**What needs to be done**
In the entries below, find the line with "Easily distracted by" and the line with "Valentines gift boxes". Repeat exactly everything between them, those two lines included, but not the pictures.

**Data in this exercise**
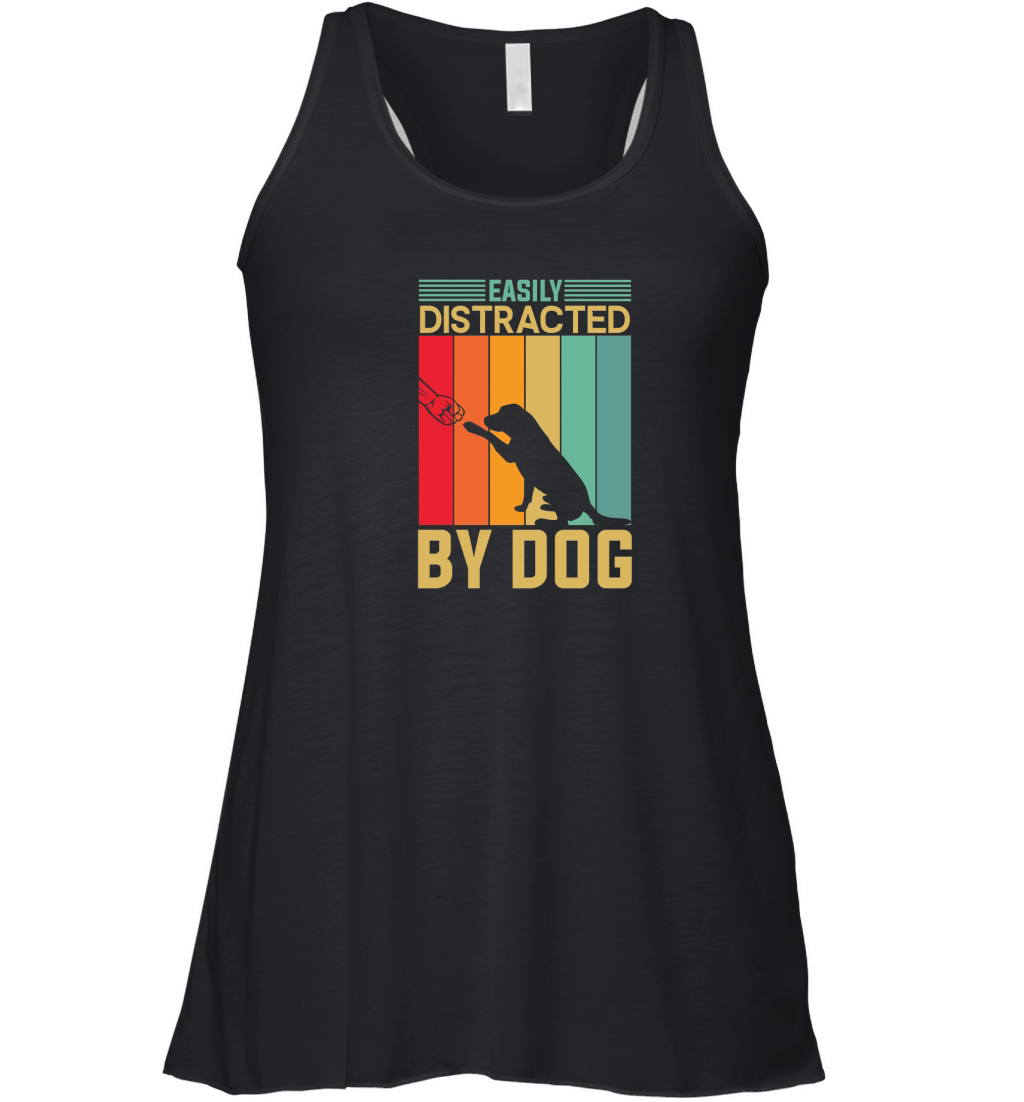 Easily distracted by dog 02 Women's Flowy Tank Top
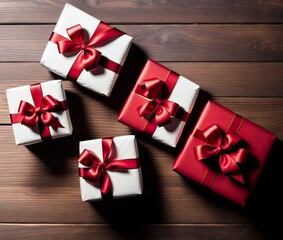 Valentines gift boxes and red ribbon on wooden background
==
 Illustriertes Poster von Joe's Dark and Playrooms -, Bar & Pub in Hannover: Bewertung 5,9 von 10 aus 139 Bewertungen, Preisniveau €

**Answer box**
 Easily distracted by dog 02 Women's Flowy Tank Top
 Valentines gift boxes and red ribbon on wooden background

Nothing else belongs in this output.